Risk of Infection, Endoplasmic Reticular Stress and Systemic Activation of NLRP3 Inflammasome in Patients Supported by Continuous Flow Left Ventricular Assist Devices

• Published in: The Journal of heart and lung transplantation Vol. 41; no. 4; p.
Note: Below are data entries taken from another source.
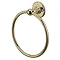 Burlington Gold Towel Ring - A3-GOLD Large Image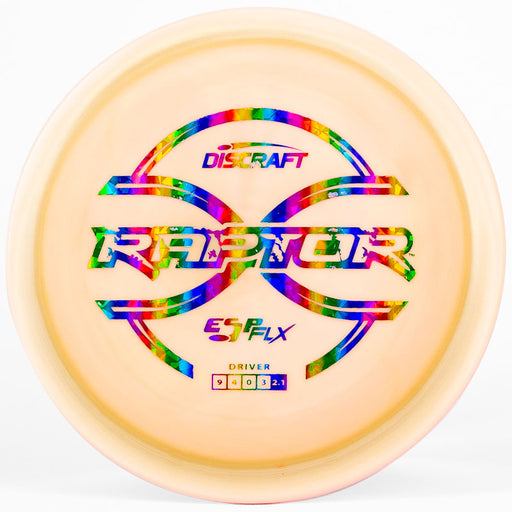 Discraft Raptor (ESP FLX) Pink | Rainbow Shatter |  167g-169g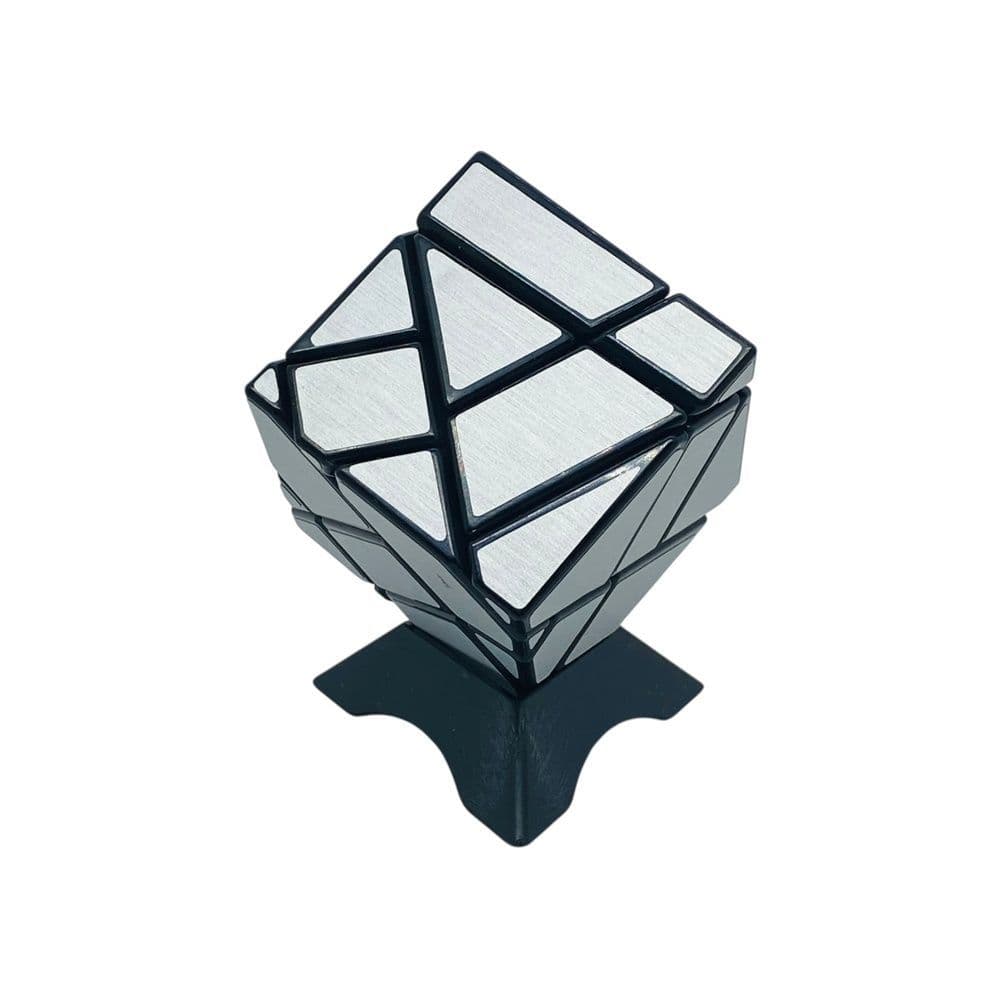Купити Головоломка 3x3 Ninja Ghost Cube Срібний в КрутиГолов Україна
S304
• Main Authors: Mondal, N.K., Gray, Z., Walther, C.P., Lamba, H.K., Hochman-Mendez, C., Shafii, A.E., Loor, G., Mattar, A., Ghanta, R.K., Chatterjee, S., Frazier, O., Liao, K.K.
• Format: Journal Article
• Language: English
• Published: Elsevier Inc 01.04.2022
• ISSN: 1053-2498; 1557-3117
• DOI: 10.1016/j.healun.2022.01.753

We investigated changes in stress-associated endoplasmic reticulum (ER) protein 1 (SERP1), ER-stress response proteins and inflammasome activation in heart failure (HF) patients before and after CF-LVAD implantation, and relationship to subsequent infection within 3 months. We analyzed blood samples from 24 CF-LVAD patients (pre- and 1week post-VAD) and 10 non-HF controls. Culture positive Infections was confirmed (median 42 days post-VAD) from bloodstream, GI, respiratory tracts, or driveline. SARP1, ER-stress proteins (ATF-6, GRP78) and NLRP3 inflammasome (NLRP3, ASC, Caspase1) in peripheral blood mononuclear cells (PBMC) were assessed. HF patients had significantly (p<0.05) elevated baseline (pre-VAD) PBMC protein levels of ATF6 (0.41±0.05 vs. 0.54±0.11), GRP78 (0.20±0.07 vs. 0.33±0.18), NLRP3 (0.28±0.17 vs. 0.78±0.28), and ASC (0.27±0.13 vs. 0.44±0.15) compared to controls. Among CF-LVAD recipients, SERP1 declined in those without subsequent infection (Group1) but significantly increased in those with infection (Group2) (Fig.A,B). Baseline ATF6 and GRP78 differed between Group1 and 2 (Fig.C,D). In Group2, the post-VAD ATF6, GRP78, NLRP3 and ASC were significantly elevated compared to pre-VAD; while in group1, only the post-VAD GRP78 was significantly elevated (Fig.C-G). Post-VAD caspase1 increased but not-significant (0.36±0.07 vs. 0.43±1.2) in group2 compared to pre-VAD (Fig.H). Baseline SERP1 and NLRP3 among patients who developed infection were positively correlated with ATF6 and GRP78 (Fig.I-L). Post-VAD upregulation of SERP1 may be associated with ER-stress response, which in turn may activate NLRP3 inflammasome and predispose to early infection. Post-VAD decrease in SERP1 in group1 may protect against ER stress and NLRP3 activation. Further investigation of the role of SERP1 in ER-stress and inflammasome activation in CF-LVAD recipients is needed.